Function to perform backtracking line-search.
Arguments:
- objective
objective function to optimise
- manifold
manifold to optimise over
- x
starting point on the manifold
- d
tangent vector at x (descent direction)
- df0
directional derivative at x along d
Returns:
- stepsize
norm of the vector retracted to reach newx from x
- newx
next iterate suggested by the line-search
"""
# Compute the norm of the search direction
norm_d = manifold.norm(x, d)
if self._oldf0 is not None:
# Pick initial step size based on where we were last time.
alpha = 2 * (f0 - self._oldf0) / df0
# Look a little further
alpha *= self.optimism
else:
alpha = self.initial_stepsize / norm_d
alpha = float(alpha)
# Make the chosen step and compute the cost there.
newx, newf, reset = self._newxnewf(x, alpha * d, objective, manifold)
step_count = 1
# Backtrack while the Armijo criterion is not satisfied
while (newf > f0 + self.suff_decr * alpha * df0 and
step_count <= self.maxiter and
not reset):
# Reduce the step size
alpha = self.contraction_factor * alpha
# and look closer down the line
newx, newf, reset = self._newxnewf(x, alpha * d, objective, manifold)
step_count = step_count + 1
# If we got here without obtaining a decrease, we reject the step.
if newf > f0 and not reset:
alpha = 0
newx = x
stepsize = alpha * norm_d
self._oldf0 = f0
return stepsize, newx
def _newxnewf(self, x, d, objective, manifold):
newx = manifold.retr(x, d)
try:
newf = objective(newx)
except np.linalg.LinAlgError:
replace = np.asarray([np.linalg.matrix_rank(newx[0][k, :, :]) != newx[0][0, :, :].shape[0]
for k in range(newx[0].shape[0])])
x[0][replace, :, :] = manifold.rand()[0][replace, :, :]
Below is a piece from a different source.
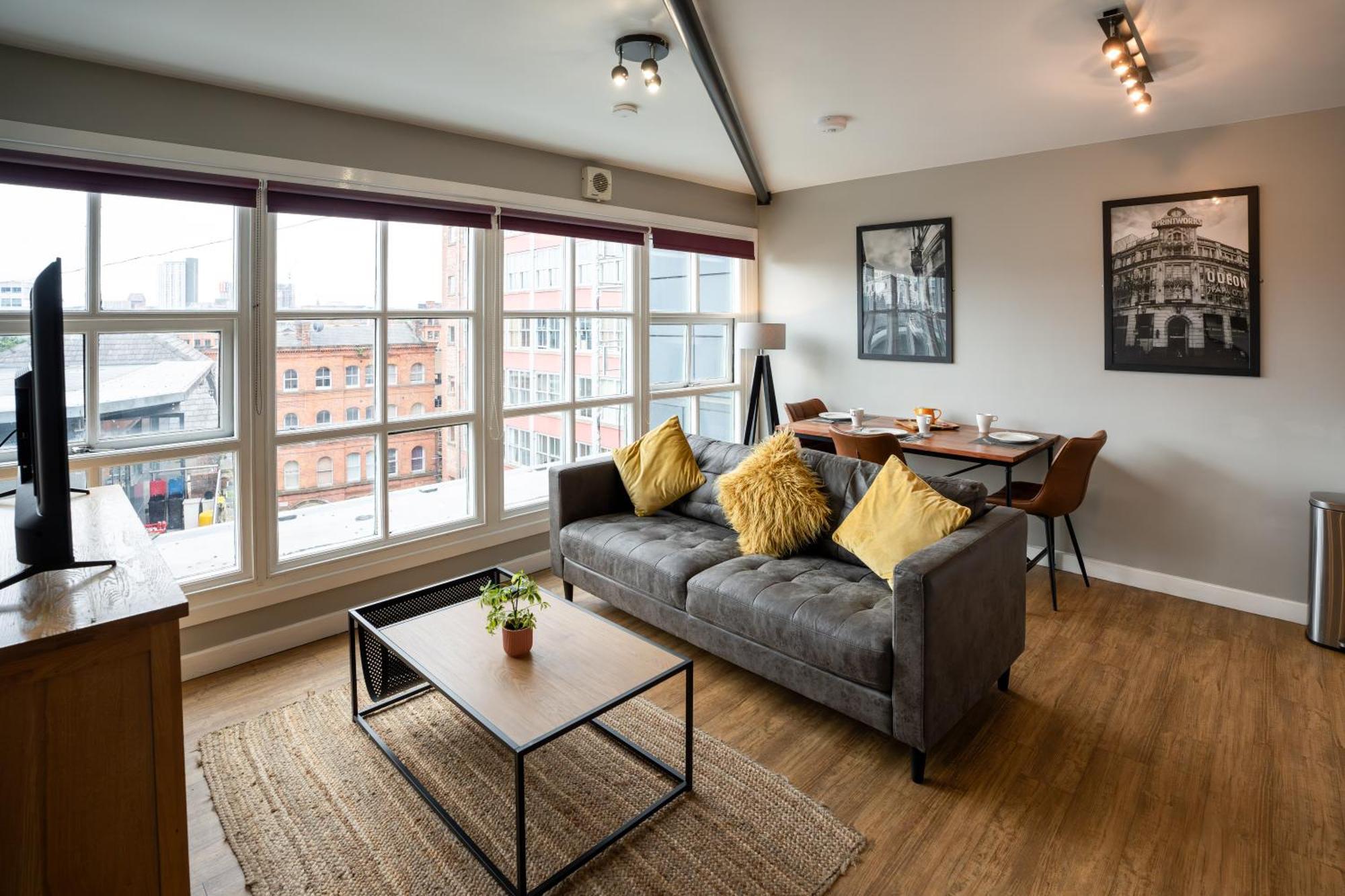 High Street Town House Aparthotel 4*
return x, objective(x), True
return newx, newf, False
So let's infer the parameters of our toy example by Riemannian optimisation using Pymanopt:
In [ ]:
import autograd.numpy as np
from autograd.scipy.misc import logsumexp
from pymanopt.manifolds import Product, Euclidean, PositiveDefinite
from pymanopt import Problem
from pymanopt.solvers import SteepestDescent
# (1) Instantiate the manifold
manifold = Product([PositiveDefinite(D+1, k=K), Euclidean(K-1)])
# (2) Define cost function
# The parameters must be contained in a list theta.
def cost(theta):
# Unpack parameters
nu = np.concatenate([theta[1], [0]], axis=0)
S = theta[0]
logdetS = np.expand_dims(np.linalg.slogdet(S)[1], 1)
y = np.concatenate([samples.T, np.ones((1, N))], axis=0)
# Calculate log_q
y = np.expand_dims(y, 0)
# 'Probability' of y belonging to each cluster
log_q = -0.5 * (np.sum(y * np.linalg.solve(S, y), axis=1) + logdetS)
alpha = np.exp(nu)
alpha = alpha / np.sum(alpha)
alpha = np.expand_dims(alpha, 1)
loglikvec = logsumexp(np.log(alpha) + log_q, axis=0)
return -np.sum(loglikvec)
problem = Problem(manifold=manifold, cost=cost, verbosity=1)
# (3) Instantiate a Pymanopt solver
solver = SteepestDescent(linesearch=LineSearchMoG())
# let Pymanopt do the rest
Xopt = solver.solve(problem)
Once Pymanopt has finished the optimisation we can obtain the inferred parameters as follows:
In [ ]:
mu1hat = Xopt[0][0][0:2,2:3]
Sigma1hat = Xopt[0][0][:2, :2] - mu1hat.dot(mu1hat.T)
mu2hat = Xopt[0][1][0:2,2:3]
Sigma2hat = Xopt[0][1][:2, :2] - mu2hat.dot(mu2hat.T)
mu3hat = Xopt[0][2][0:2,2:3]
Sigma3hat = Xopt[0][2][:2, :2] - mu3hat.dot(mu3hat.T)
pihat = np.exp(np.concatenate([Xopt[1], [0]], axis=0))
pihat = pihat / np.sum(pihat)
And convince ourselves that the inferred parameters are close to the ground truth parameters.
The ground truth parameters $\mathbf{\mu}_1, \mathbf{\Sigma}_1, \mathbf{\mu}_2, \mathbf{\Sigma}_2, \mathbf{\mu}_3, \mathbf{\Sigma}_3, \pi_1, \pi_2, \pi_3$:
In [ ]:
print(mu[0])
print(Sigma[0])
print(mu[1])
print(Sigma[1])
print(mu[2])
print(Sigma[2])
print(pi[0])
print(pi[1])
print(pi[2])
And the inferred parameters $\hat{\mathbf{\mu}}_1, \hat{\mathbf{\Sigma}}_1, \hat{\mathbf{\mu}}_2, \hat{\mathbf{\Sigma}}_2, \hat{\mathbf{\mu}}_3, \hat{\mathbf{\Sigma}}_3, \hat{\pi}_1, \hat{\pi}_2, \hat{\pi}_3$:
In [ ]:
print(mu1hat)
print(Sigma1hat)
print(mu2hat)
print(Sigma2hat)
print(mu3hat)
print(Sigma3hat)
print(pihat[0])
print(pihat[1])
print(pihat[2])
Et voilà – this was a brief demonstration of how to do inference for MoG models by performing Manifold optimisation using Pymanopt.